Do better than gut instinct. Use forecasting and budgets to run your business with confidence.
The average business owner has a massive number of decisions to make. What to do next, where to focus, and "knowing for sure" that you're doing the right thing can be a bit overwhelming. That's where we come in. We spend our days helping people make informed decisions, being in your corner, and ensuring you focus on what matters most.
You started your business for a reason and you have something valuable to offer. But before you know it, managing finances and numbers starts taking up the majority of your time. Your passion is put on hold, and you feel like your business is underperforming (or worse!).
Using business forecasting gives you control of your financial future by using historical data and trends to show scenarios of what will happen. Forecasting means no more guesswork in decision-making. You can forecast your cash flow, goals, KPIs, profit, sales, demand, using different forecasting methods, and better prepare for all the bumps in the road.
Choosing the right forecasting method is crucial for accurate predictions and effective financial planning.
Much like tuning into the weather forecast each morning to prepare and alter your plans for the day, business forecasting does the same thing for your business’s future. With a forecast in place, you can plan for the future and improve forecast accuracy, and any “bad weather” that may pop up, such as seasonal ups and downs or major disruptions like COVID-19.
Accurate forecasting helps businesses anticipate future outcomes and make informed decisions. With business forecasting, you can set goals and plan for both short-term and long-term futures, having all the information at hand when something unexpected happens.
Cash flow is one of the biggest concerns for small businesses. You have faith your business can grow and succeed, but concerns about cash flow can be overwhelming. Cash flow forecasting, also known as a cash flow projection, uses your historical data (sales, expenses, payments, liabilities) to paint an accurate picture of the next 1, 3, 6, or 12+ months of business cash flow. Start with your opening bank balance to get an accurate picture of your cash flow.
While it won’t ever be 100% accurate, it’s far better than having no idea at all.

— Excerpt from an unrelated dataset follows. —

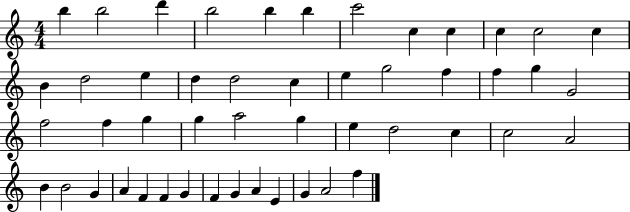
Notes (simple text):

When unforeseen events occur, you can see what impact they will make down the road.
The best part? No intense spreadsheets or double entry of data required. Using software and machine learning, all of this can be integrated and interconnected with every area of your business.
With 56% of small business owners facing cash flow pressure (Xero, 2022.), having an idea of your cash flow will save many sleepless nights. A properly set-up cash flow forecast is your roadmap, showing if you have enough cash to run or expand your business. It will tell you if you’ll be short on cash for payroll after accounting for fixed costs or when you’ll feel the pinch from low sales.
This knowledge empowers you to make informed decisions.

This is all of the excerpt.